Van Büyükşehir Belediye Eş Başkanımız Abdullah Zeydan’a verilen hukuk dışı ceza ve kayyım atama girişimine karşı Van halkı soğuğa rağmen 24 saattir belediyenin önünde nöbet tutuyor. Karar sonrası Eş Genel Başkanımız Tülay Hatimoğulları, Grup Başkanvekillerimiz, milletvekillerimiz ve diğer seçilmişlerimiz ile DBP Eş Genel Başkanı Çiğdem Kılıçgün Uçar ve çok sayıda kişi de Van’a geldi. Burada nöbete dahil olan parti yetkililerimiz, yaptıkları konuşmalarda halkın iradesini savunmaya devam edeceklerini ifade etti.
Zeydan: İrademize sonuna kadar sahip çıkacağız, dayatılan onursuzluğa karşı direneceğiz
Abdullah Zeydan, yaptığı konuşmada, Van halkının iradesine yeniden el konulmak istendiğini, ancak halkın buna karşı direndiğini belirterek şunları söyledi:
“Halkın iradesine, adalete ve demokrasiye saldıranların yaptıkları hırsızlıkları ve yolsuzlukları burada çarşaf çarşaf açıkladık. Şimdi bu hırsızlar yargı kumpaslarıyla ortaya çıkıp ‘Biz bir milyon 200 bin Vanlının iradesini tanımıyoruz. Sizin seçme ve seçilme hakkınız yok. İradenize el koyarız’ diyorlar. Barış, kardeşlik, demokrasi, adalet ve halk iradesinin tecellisi için mücadele eden insanlar olarak bizler bu utanmazlık karşısında elbette her zamankinden daha fazla gururla irademizi ve onurumuzu savunacağız. Bize onursuzluğu dayatanlara nasıl onurlu bir halk olduğumuzu bir kez daha hatırlatacağız. Ne pahasına olursa olsun halkın iradesini savunacağız diye söz vermiştik. Gece gündüz halkın emrinde çalıştık ve hizmet sunduk. İşte bundan rahatsız oldular. Ancak biz sonuna kadar halkımızın emrinde demokrasi mücadelesine devam edeceğiz.”

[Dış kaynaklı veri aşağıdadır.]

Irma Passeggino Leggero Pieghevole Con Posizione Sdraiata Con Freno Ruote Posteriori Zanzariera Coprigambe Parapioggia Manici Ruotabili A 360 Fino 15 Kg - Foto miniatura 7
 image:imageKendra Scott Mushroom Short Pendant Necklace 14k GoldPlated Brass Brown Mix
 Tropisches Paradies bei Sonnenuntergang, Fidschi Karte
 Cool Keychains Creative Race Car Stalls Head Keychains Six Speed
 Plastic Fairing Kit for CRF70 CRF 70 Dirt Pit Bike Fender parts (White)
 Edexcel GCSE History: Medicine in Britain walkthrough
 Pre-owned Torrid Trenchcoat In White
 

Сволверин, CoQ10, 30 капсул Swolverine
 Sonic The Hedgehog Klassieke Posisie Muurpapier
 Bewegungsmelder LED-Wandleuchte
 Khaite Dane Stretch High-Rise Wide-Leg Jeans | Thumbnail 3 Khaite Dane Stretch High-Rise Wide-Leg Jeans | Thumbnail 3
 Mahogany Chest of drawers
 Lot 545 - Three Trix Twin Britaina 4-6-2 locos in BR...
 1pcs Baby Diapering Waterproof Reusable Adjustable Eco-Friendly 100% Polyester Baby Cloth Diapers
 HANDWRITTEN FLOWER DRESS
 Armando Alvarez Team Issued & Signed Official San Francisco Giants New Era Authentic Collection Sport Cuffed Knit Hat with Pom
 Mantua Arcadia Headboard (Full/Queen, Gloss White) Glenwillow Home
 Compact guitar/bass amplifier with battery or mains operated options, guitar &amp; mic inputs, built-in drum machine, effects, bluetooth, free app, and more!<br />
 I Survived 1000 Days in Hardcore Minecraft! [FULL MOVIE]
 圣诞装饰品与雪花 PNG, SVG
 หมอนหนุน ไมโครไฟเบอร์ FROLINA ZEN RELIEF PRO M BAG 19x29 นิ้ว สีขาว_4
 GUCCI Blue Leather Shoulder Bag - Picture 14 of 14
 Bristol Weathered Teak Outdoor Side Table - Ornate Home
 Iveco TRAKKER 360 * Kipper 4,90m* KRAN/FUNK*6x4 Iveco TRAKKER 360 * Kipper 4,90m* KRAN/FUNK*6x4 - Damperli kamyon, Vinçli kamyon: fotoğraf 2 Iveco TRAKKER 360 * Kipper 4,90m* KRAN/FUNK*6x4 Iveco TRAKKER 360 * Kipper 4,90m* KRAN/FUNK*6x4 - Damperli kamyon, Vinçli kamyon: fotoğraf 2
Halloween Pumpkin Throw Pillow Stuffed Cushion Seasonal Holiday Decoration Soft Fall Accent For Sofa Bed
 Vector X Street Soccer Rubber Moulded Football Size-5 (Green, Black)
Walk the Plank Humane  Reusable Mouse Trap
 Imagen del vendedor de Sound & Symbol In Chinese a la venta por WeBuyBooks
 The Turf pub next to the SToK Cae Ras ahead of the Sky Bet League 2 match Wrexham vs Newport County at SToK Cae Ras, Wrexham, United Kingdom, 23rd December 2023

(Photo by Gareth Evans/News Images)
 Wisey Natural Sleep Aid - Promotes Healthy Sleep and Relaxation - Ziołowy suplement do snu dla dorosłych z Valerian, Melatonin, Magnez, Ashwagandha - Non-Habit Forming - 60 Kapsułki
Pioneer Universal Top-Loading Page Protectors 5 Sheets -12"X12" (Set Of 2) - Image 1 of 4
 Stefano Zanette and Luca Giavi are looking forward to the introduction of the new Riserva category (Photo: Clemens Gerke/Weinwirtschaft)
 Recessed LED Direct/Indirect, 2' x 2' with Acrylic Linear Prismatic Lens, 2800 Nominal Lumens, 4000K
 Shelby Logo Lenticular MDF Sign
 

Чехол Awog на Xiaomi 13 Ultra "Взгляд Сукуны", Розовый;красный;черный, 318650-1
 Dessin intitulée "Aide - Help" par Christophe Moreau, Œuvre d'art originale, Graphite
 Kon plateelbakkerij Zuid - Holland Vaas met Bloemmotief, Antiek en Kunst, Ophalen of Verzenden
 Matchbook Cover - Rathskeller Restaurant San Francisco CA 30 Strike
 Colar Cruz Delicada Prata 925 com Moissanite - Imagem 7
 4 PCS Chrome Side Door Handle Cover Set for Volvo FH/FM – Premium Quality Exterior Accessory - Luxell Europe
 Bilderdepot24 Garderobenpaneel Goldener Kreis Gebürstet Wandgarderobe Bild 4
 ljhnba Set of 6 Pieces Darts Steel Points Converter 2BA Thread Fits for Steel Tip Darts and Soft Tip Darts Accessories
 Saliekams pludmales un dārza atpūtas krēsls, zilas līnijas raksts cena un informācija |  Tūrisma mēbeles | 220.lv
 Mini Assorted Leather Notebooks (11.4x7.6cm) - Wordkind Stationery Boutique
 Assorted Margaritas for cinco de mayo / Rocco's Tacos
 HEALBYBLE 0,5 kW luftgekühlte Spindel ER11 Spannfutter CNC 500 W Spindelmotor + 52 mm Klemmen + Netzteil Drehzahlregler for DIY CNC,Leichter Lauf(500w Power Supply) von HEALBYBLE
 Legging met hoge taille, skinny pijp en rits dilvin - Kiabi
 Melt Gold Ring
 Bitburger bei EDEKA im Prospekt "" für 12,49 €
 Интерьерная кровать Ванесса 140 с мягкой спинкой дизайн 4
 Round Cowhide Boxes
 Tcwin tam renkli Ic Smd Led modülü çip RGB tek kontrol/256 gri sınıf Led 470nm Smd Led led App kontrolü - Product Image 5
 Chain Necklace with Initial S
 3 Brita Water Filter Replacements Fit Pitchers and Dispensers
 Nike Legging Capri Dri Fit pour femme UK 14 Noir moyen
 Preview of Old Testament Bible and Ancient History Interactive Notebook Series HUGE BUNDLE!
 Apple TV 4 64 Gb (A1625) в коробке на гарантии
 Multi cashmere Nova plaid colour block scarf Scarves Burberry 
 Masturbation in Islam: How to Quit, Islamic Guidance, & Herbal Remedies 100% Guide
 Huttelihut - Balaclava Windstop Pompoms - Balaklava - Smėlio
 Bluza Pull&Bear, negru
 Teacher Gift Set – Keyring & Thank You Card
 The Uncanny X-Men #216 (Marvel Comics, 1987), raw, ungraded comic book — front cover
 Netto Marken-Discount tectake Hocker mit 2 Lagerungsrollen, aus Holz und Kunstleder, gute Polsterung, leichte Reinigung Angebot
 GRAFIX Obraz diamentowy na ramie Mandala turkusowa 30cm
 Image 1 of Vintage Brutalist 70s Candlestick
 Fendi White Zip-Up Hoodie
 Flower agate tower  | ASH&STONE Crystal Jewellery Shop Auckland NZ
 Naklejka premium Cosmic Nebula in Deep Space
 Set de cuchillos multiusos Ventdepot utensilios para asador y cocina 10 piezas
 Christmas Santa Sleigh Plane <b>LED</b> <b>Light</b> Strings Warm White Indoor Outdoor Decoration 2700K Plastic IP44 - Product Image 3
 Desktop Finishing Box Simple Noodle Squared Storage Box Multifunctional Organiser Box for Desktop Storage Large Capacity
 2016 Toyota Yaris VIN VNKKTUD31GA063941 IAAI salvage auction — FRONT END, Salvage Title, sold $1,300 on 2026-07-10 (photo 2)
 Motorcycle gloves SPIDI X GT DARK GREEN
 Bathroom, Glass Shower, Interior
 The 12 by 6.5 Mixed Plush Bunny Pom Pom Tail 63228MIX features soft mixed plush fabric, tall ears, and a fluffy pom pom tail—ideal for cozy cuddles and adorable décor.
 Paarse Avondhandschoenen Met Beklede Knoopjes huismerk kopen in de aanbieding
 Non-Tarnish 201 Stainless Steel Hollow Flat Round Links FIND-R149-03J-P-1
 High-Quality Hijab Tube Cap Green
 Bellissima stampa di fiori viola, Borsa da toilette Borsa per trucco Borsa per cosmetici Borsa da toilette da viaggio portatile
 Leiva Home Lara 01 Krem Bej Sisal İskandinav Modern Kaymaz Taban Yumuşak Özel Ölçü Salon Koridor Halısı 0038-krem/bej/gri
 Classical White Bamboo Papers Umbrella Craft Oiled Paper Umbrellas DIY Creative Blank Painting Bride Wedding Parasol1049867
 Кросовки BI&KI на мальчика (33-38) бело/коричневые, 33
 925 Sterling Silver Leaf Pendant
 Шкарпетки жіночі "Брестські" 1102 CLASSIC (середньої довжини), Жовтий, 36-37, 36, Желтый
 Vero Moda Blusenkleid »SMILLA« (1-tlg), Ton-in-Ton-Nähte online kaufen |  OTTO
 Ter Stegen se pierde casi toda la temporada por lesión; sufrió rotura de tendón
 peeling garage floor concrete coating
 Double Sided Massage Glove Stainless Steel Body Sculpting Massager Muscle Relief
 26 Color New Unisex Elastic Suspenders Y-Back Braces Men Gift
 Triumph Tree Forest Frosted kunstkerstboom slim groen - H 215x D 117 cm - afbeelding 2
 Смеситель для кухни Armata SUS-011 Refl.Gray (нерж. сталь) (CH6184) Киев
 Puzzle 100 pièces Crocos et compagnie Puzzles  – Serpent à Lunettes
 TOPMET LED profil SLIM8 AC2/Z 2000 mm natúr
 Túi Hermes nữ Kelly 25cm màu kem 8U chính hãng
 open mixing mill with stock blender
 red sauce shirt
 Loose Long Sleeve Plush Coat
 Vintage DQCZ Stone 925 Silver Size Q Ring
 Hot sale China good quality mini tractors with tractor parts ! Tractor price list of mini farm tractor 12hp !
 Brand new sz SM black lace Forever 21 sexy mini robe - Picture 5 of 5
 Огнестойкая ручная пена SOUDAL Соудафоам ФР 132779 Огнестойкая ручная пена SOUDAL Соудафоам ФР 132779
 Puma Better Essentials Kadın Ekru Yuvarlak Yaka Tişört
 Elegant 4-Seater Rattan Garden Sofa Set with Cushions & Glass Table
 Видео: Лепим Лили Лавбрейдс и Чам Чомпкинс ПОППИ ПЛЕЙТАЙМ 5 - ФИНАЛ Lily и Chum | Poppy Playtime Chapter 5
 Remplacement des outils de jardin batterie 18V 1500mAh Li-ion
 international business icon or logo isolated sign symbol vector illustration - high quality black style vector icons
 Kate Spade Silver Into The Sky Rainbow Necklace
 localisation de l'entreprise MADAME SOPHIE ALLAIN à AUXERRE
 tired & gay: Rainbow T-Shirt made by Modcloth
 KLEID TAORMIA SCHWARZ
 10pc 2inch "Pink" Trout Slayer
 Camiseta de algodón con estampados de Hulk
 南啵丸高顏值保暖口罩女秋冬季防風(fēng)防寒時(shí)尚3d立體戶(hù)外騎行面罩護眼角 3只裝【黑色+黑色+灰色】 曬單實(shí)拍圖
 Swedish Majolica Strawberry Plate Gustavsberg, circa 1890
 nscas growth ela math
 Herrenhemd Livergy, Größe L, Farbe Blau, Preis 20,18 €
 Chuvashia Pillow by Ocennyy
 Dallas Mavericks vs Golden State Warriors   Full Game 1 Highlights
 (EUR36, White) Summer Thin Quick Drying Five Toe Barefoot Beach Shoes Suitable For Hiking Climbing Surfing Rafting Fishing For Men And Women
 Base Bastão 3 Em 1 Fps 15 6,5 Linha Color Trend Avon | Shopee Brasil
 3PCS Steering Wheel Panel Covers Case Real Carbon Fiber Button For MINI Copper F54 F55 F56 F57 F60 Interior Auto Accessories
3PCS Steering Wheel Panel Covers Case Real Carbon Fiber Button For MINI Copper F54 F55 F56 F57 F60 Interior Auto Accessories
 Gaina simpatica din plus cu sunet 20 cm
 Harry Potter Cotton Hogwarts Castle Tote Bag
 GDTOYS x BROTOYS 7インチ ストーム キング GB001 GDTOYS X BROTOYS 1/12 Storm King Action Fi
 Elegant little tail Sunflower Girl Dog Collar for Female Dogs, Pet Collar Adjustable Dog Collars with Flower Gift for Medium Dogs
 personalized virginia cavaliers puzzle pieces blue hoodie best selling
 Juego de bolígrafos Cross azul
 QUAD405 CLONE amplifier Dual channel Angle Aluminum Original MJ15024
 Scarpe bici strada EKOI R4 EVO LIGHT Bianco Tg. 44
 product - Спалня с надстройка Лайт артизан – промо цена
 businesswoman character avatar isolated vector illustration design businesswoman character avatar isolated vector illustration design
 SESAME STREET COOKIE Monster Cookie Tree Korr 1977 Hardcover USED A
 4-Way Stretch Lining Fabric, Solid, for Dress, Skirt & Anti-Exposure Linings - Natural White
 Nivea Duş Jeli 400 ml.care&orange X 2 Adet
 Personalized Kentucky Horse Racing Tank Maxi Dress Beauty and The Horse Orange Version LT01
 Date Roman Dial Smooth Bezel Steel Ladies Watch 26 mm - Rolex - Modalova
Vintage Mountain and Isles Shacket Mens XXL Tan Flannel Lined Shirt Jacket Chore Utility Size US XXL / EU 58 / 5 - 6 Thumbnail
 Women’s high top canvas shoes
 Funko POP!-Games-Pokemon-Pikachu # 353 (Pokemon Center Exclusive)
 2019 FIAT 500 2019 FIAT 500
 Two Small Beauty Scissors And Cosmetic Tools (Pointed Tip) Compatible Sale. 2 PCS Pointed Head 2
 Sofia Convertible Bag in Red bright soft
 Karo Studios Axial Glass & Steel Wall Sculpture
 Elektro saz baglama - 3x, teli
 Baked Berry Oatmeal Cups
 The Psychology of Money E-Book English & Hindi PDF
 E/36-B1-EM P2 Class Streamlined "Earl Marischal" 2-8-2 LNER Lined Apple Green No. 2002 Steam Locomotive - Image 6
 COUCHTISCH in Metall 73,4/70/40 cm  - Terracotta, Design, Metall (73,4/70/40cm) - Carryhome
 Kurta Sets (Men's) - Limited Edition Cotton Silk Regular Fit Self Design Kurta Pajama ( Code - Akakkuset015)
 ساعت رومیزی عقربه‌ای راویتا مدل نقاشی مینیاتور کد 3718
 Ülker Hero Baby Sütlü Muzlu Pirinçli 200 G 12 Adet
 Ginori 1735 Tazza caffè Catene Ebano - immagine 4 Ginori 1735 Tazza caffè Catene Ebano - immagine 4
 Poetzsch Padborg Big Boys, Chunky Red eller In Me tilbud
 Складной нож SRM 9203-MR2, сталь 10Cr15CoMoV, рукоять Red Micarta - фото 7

Zeydan kendisi hakkında verilen kumpas kararının, AİHM’de mahkum edilen davalardan birinden geldiğini de hatırlattı.
Hatimoğulları: Türkiye’de hiçbir ilde belediyelerin tamamı tek bir parti tarafından kazanılmamıştır
Eylem alanında konuşan Hatimoğulları ise şunları söyledi:
Merhaba değerli Van halkı; merhaba Kürt halkının onuru ve direnişiyle bütün Türkiye’ye örnek olan Van halkı! Sizleri sevgiyle ve saygıyla selamlıyorum. Bir kez daha bu meydanda gördük ki Van halkı iradesine sahip çıkmaya devam ediyor. Bütün kumpaslara rağmen, bütün denemelere rağmen. Bundan dolayı sizlere ne kadar teşekkür etsek azdır. Sizler bizim gururumuzsunuz. Türkiye’de hiçbir ilde belediyelerin tamamı tek bir parti tarafından kazanılmamıştır ama Van 14-0 yapmayı başarmıştır. İşte onlar bunu hazmedemiyor. Van’a ilk kumpası mazbatayla kurmaya çalıştılar. Sizler, o gün iradenize o kadar güçlü bir şekilde sahip çıktınız ki sesinizi sadece Türkiye ve Van halkı duymadı; Avrupa ve bütün dünya duydu. Van bütün dünyada konuşuldu. Bunu siz başardınız.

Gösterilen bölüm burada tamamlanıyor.